Invest the time and effort in finding the right people for your business. Don’t rush the recruitment process. You want to ensure that not only do they have the skills, or are capable of acquiring them, but they’ll fit culturally. Take the time to try and get to know them before you invite them in to become a valuable member of your team and someone who will themselves influence your team’s culture. Think about the process and how your business, your brand, is represented throughout that process and the experience the potential candidates will have with you and your brand.

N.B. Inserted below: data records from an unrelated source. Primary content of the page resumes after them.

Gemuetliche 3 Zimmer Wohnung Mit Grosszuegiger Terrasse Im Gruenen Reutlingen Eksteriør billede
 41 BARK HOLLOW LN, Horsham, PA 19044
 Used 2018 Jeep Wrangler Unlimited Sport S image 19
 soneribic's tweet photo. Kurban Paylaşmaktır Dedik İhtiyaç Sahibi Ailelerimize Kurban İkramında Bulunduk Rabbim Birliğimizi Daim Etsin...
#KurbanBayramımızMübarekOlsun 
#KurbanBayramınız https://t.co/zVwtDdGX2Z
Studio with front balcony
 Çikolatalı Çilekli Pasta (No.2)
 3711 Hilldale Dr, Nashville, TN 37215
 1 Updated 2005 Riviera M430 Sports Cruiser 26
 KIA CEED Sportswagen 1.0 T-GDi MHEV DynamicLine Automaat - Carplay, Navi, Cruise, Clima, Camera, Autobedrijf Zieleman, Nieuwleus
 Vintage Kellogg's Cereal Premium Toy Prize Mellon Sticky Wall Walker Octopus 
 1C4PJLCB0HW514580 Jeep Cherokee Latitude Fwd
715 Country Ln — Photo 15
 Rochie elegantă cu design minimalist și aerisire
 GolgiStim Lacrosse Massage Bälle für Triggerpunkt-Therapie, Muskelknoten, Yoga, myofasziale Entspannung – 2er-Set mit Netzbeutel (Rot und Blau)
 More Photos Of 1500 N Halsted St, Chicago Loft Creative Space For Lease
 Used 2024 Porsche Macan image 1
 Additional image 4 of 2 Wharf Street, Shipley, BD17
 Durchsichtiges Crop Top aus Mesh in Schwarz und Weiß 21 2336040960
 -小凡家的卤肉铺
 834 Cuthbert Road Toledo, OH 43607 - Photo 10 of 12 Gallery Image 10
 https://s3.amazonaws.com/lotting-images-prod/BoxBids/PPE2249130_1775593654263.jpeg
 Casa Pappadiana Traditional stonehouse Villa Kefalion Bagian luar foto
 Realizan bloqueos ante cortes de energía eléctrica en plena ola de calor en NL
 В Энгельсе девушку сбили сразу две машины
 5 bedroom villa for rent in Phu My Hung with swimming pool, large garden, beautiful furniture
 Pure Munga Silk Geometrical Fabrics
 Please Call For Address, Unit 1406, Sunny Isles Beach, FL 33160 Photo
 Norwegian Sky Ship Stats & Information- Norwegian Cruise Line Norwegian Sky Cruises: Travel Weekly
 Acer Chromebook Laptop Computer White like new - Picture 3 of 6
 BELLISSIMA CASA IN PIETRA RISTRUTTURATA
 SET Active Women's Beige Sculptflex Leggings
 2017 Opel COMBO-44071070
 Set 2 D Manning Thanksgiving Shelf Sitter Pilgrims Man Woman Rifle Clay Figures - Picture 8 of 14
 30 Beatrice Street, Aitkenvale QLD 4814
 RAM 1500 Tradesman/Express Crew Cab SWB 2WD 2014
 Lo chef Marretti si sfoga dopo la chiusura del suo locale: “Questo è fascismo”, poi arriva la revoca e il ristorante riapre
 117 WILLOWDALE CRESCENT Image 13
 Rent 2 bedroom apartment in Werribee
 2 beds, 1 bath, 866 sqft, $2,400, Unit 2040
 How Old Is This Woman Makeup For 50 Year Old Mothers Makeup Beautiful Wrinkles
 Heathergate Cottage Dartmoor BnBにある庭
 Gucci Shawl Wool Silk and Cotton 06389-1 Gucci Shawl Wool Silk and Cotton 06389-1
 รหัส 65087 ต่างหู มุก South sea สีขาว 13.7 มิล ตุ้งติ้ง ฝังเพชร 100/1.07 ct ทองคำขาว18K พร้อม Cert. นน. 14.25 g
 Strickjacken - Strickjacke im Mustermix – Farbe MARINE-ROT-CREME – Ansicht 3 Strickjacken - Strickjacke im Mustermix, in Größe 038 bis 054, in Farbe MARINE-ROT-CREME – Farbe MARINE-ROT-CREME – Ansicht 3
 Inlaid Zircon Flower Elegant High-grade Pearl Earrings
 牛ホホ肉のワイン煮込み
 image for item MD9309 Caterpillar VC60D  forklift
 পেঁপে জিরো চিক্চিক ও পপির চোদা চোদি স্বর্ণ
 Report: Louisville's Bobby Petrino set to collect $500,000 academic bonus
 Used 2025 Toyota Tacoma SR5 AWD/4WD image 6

2. Have a clear vision and purpose

Your company’s vision and purpose should be clear, easy to communicate and should be shared regularly with your team. If people aren’t all on board with the vision and purpose, they’ll become disengaged and the team will become fractured.

3. Be flexible

Life gets in the way sometimes, whether it’s sick kids, family commitments, or someone just needs a day away from the office for some headspace. Create an environment where people feel comfortable asking for time out or working from home.

4. Communicate frequently

When you think you’ve communicated enough, it’s likely you haven’t. Create an environment where everyone is comfortable sharing ideas. Provide regular feedback to team members and directly ask for input on everything, from strategic to operational matters. Great leadership means being transparent and transparency is based on solid communication.

5. Create opportunities

Not just opportunities for individuals within the organisation, but opportunities for personal development and community engagement. Many small and medium size businesses struggle to hang on to people for the lack of opportunity for career advancement. Be creative; if you have a long term growth strategy (you should), ensure people know about it and see the potential for where they may grow and develop to fit in to the longer term vision.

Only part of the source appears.